We are using CLR-functions in our ETL-processes to have specific data-conversion and data-checking logic centralized. These functions are rather basic and require no data-access and are deterministic therefor allowing parallellism.
For instance:
[SqlFunction(DataAccess = DataAccessKind.None, IsDeterministic = true, SystemDataAccess = SystemDataAccessKind.None, IsPrecise = true)]
public static bool check_smallint(string input)
{
string teststring;
try
{
teststring = input.Trim(' ').Replace('-', '0');
if (teststring.Length == 0)
{
teststring = "0";
}
Convert.ToInt16(teststring);
}
catch (NullReferenceException)
{
return true;
}
catch (FormatException)
{
return false;
}
catch (OverflowException)
{
return false;
}
return true;
}
This works fine except for performance.
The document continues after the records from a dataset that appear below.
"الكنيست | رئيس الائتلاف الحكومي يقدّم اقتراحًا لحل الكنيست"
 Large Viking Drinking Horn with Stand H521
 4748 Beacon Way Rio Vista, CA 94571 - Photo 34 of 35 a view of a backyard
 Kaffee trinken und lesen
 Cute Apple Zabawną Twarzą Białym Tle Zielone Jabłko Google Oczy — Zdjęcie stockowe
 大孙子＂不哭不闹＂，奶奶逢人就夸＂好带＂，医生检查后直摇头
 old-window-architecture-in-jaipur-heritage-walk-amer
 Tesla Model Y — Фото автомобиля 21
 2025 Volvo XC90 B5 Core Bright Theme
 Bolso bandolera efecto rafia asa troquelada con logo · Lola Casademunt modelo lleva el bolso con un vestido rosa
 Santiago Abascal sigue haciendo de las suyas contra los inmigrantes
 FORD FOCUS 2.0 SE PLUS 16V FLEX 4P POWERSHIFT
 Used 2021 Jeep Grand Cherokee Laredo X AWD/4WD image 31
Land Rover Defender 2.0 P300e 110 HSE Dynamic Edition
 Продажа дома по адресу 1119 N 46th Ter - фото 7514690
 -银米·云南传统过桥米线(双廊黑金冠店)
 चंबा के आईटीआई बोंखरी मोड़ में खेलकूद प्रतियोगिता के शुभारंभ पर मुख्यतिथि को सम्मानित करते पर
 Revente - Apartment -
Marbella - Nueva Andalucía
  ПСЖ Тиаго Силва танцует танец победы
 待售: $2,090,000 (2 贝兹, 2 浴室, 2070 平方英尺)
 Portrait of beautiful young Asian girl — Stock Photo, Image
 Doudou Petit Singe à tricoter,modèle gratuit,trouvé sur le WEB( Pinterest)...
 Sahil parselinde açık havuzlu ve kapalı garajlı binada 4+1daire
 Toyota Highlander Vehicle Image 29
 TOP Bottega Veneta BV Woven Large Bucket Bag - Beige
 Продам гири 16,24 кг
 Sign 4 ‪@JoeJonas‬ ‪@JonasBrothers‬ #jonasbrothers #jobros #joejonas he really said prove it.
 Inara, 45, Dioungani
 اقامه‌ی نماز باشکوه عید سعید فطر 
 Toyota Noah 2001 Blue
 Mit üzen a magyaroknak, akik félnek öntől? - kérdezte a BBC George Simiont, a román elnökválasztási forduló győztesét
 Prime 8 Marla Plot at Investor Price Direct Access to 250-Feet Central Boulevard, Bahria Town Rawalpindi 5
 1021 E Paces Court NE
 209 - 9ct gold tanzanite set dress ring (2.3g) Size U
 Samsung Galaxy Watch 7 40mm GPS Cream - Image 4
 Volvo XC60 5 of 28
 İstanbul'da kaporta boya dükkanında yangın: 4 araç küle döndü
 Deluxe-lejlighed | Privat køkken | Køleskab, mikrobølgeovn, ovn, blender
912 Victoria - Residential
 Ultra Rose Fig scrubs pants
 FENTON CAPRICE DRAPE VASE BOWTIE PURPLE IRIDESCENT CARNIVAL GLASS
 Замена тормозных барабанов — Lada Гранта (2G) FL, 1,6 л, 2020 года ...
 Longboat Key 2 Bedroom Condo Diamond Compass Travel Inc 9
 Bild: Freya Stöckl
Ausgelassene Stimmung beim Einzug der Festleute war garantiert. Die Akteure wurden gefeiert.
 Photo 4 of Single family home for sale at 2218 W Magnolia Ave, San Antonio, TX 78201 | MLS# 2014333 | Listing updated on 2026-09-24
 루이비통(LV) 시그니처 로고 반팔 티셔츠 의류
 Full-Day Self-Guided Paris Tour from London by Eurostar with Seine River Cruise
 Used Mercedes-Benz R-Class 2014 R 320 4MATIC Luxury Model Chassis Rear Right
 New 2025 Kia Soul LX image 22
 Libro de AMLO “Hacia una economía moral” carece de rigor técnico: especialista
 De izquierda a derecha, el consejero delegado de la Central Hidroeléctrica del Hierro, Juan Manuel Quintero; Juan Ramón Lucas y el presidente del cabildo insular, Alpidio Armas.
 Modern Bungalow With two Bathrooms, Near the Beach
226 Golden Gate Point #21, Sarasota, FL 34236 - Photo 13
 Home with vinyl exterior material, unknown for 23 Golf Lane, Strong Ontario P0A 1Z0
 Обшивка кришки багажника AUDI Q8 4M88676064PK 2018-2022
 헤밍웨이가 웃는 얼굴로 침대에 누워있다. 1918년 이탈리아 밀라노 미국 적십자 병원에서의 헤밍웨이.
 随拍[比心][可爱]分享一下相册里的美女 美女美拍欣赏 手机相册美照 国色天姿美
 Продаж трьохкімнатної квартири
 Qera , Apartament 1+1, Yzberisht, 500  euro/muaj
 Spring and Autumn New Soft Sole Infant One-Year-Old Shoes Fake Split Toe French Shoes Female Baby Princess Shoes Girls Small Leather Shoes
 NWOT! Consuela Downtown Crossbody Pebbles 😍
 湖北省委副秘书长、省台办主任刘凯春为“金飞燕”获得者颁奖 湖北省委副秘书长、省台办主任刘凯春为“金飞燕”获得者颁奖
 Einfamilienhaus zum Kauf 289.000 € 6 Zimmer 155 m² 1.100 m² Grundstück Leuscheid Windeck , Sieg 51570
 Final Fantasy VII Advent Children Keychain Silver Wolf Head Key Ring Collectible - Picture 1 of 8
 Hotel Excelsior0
Query's have slowed down considerably, wihich is causing trouble in processing large datasets (millions of rows and more).
Until now we have found no one who really understands the SQL CLR-architecture, but one suggestion we received is that it might be caused by the overhead of creating a new connection or allocating memory for every function-call. So a solution could be connection / memory pooling.
Please don't suggest different solutions, we are already considering them, like inline sql, or a complete different approach. Standard sql-functions are in many cases no option because of the lack of error raising.
PS. We are using SQL 2008R2.